W. ヘルベルト

ヨーロッパ文化における「生と死」その2:中世の「臨終行儀」

現代の世俗化がすすんでいるヨーロッパの国々(独、仏など)では、世論調査によると、神の存在を信じる人が過半数に満たず、死後の世界があると思ってる人の割合も3分の1程度です。ユングによりますと、宗教は昔、死の準備の教育の役割をはたしており、死後の世界の信仰が精神衛生上大変良いと心理学者として高い評価をしています。子供には
20年以上の教育を与えているのに年をとっても死に対する教育はまったくなされていません。若さが崇拝される中、老いる事自体がタブー視または軽視されています。

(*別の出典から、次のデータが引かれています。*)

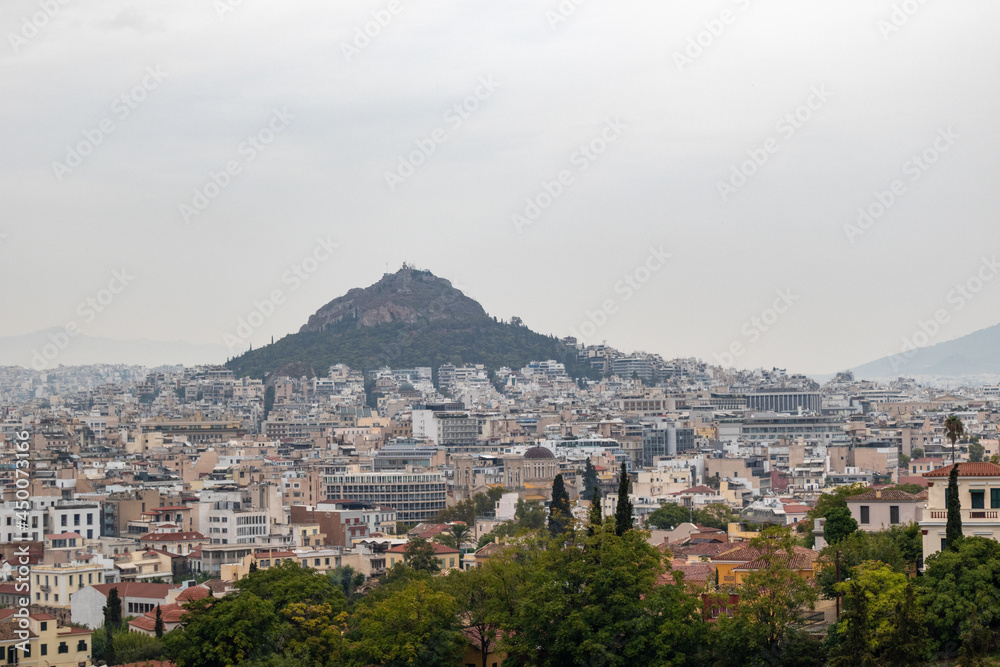 View on mount Lycabettus and Athens old city center with buildings architecture in gray foggy day from Areopagus - Hill near Acropolis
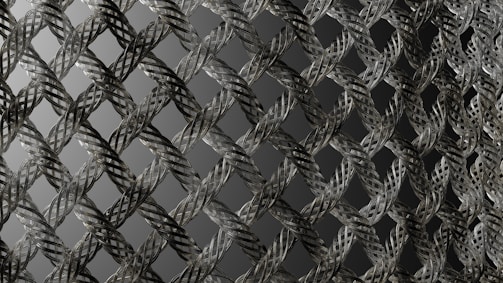A close-up view of an intricately woven metallic mesh pattern with a repetitive, almost geometric design. The strands of metal are interlaced, creating a three-dimensional effect with shadows and highlights. The background is a gradient of dark to light gray, enhancing the depth of the pattern.
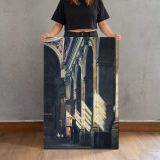 Sunlight on a City Building canvas print, held for scale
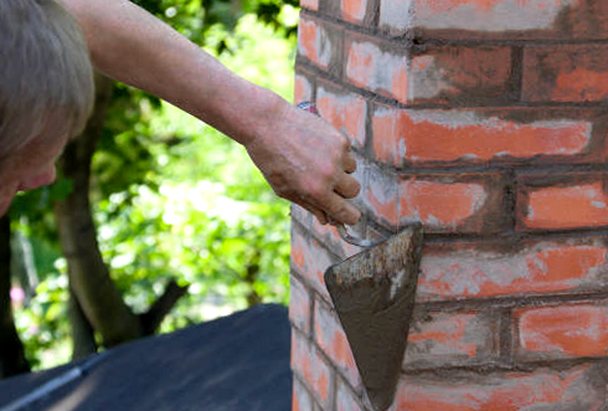 Fresh mortar packed and struck along a brick joint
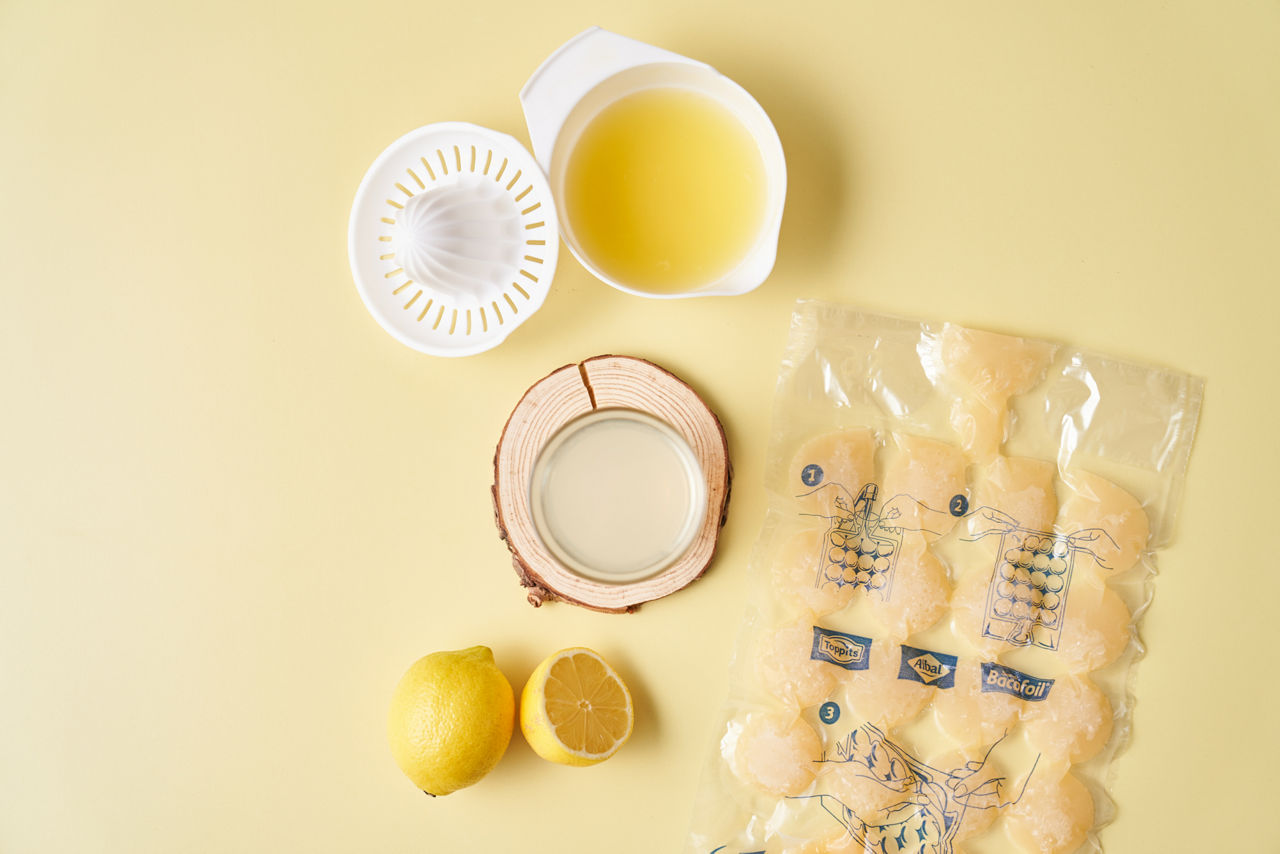 Sachet Glace Pilée Albal rempli de jus de citron congelé, presse-citron rempli de jus et deux citrons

これはユングが1930年代に行った講演の中で発言したことですが、21世紀の現在でも通用するように思われます。科学と技術の発達によって生活面ではいろいろな恩恵が得られましたが、物質主義が主流の考え方になったために精神面で失われ、忘れられた事は
少なくありません。
そのなかには、ars moriendi (「死ぬ」芸術)という思想があります。それが成文化される以前に、中世初期から良い死を迎えるための条件として伝えられたのは、死ぬ人が、信仰告白、懺悔、遺族との和解をし、自分の魂を神様にゆだねることでした。中世のヨーロッパで、人々は何度もペストという恐ろしい疫病に襲われました。それゆえ聖職者だけではなく素人も死ぬ人に立ち会う事ができるように手引きが作られたのです。ラテン語から現地の言葉に訳され、挿絵入りのバージョンも広く普及しました。代表的なものは、
15世紀初頭の「絵解きars moriendi」(著者不明)です。そこでは、人間が死ぬ瞬間(とき)が描写されています。興味深いことにキューブラー・ロスの「死への過程の5段階」ー1、否定と隔離。2、怒り。3、取り引き。4、抑圧。5、受容。ーとの共通点もあります。キューブラー・ロスが心理的な面を説明しているのに対し、それをスピリチュアルな戦いとして表現しています。当時の世界観にそって、天使と悪魔の戦いの形になっています。否定的な気持ちが出て来た時、必ず天使が救いとして登場します。その天使とは、人間の中に眠っている、どんないやな気持ちでも克服する力の現れであると考えられます。死ぬ人は以下のような5つの誘惑に駆られると書かれています。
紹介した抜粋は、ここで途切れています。